Desde hace varias décadas, Teófanes fue para mí un amigo de esos que pasa por tu vida con un halo de autenticidad y sin reservas. Manifestaciones de contraste que en el Eclesiastés se identifican con el hallazgo de un auténtico «tesoro». Su figura tímida y menudica le hacía casi invisible, pero nada tenía que ver con el «medio fraile» que decía Santa Teresa de Juan de la Cruz cuando, a primera vista, lo fichó para sus Fundaciones en Medina del Campo. Egido no era huidizo, sino concreto y directo. Su mirada de franquezas en abierto apuntaba directamente a la amenidad, a lo risueño del encuentro, a la conversación fluida y de una cordialidad sonora.

Era una criatura en disposición permanente.
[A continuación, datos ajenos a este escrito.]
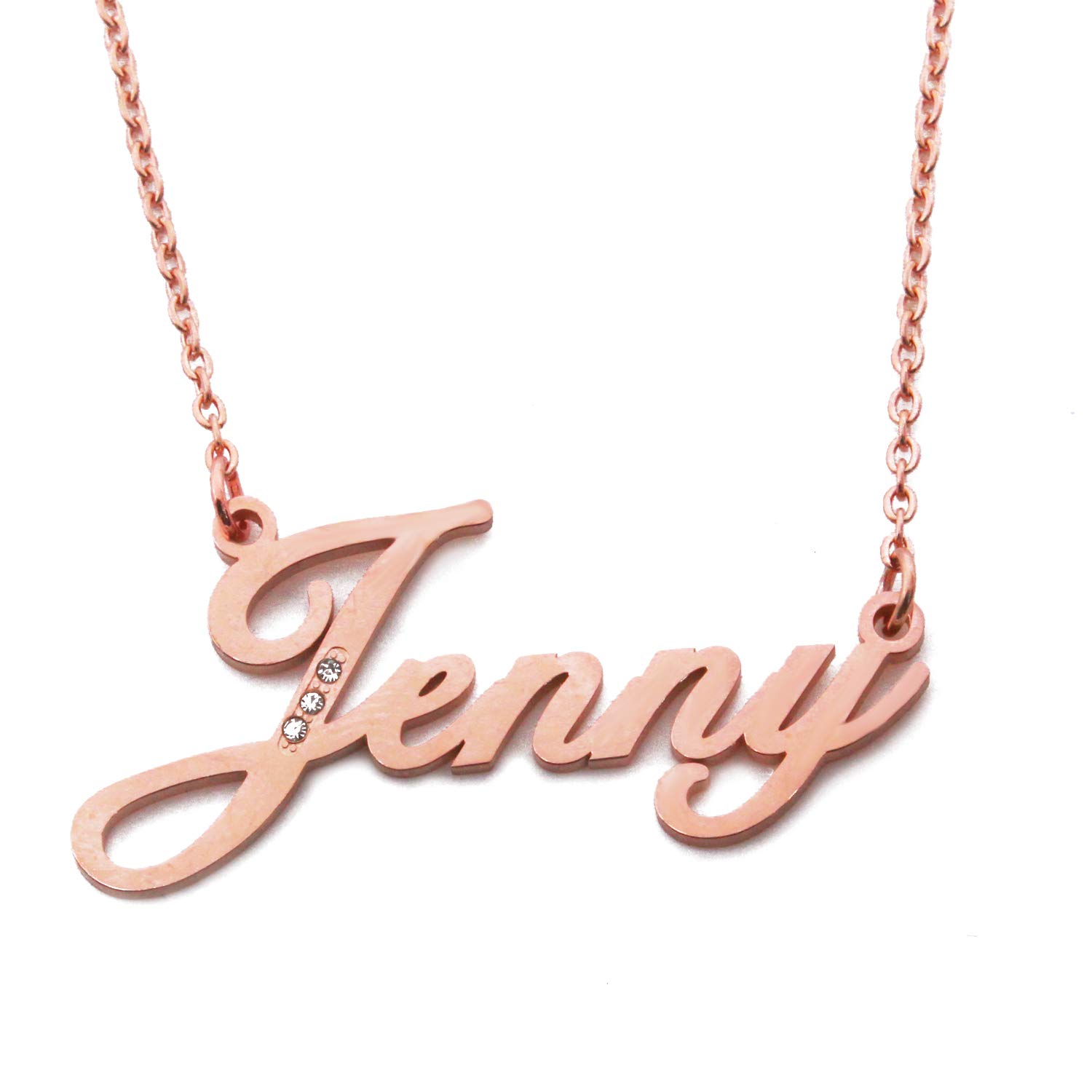 Kigu Jenny Personalised Milan Name Necklace - 18ct Rose Gold Plated - Incl Gift Packaging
Pidieras lo que le pidieras, y sin tardanzas -en el acto, quiero decir- se ponía a tu servicio con una generosidad que no es normal en los investigadores universitarios, que guardamos nuestros descubrimientos como si fueran la teoría de la relatividad o desveláramos los orígenes del universo. No. Teófanes te hacía partícipe de sus hallazgos como si fueran los tuyos en una excepcional mancomunidad luminosa de bienes. De aquí su rareza, su bondad, su atractivo de espontaneidad contagiosa. Descansa en paz, maestro, y dile a Teresa que nos ha dejado en suspenso… tan huérfanos.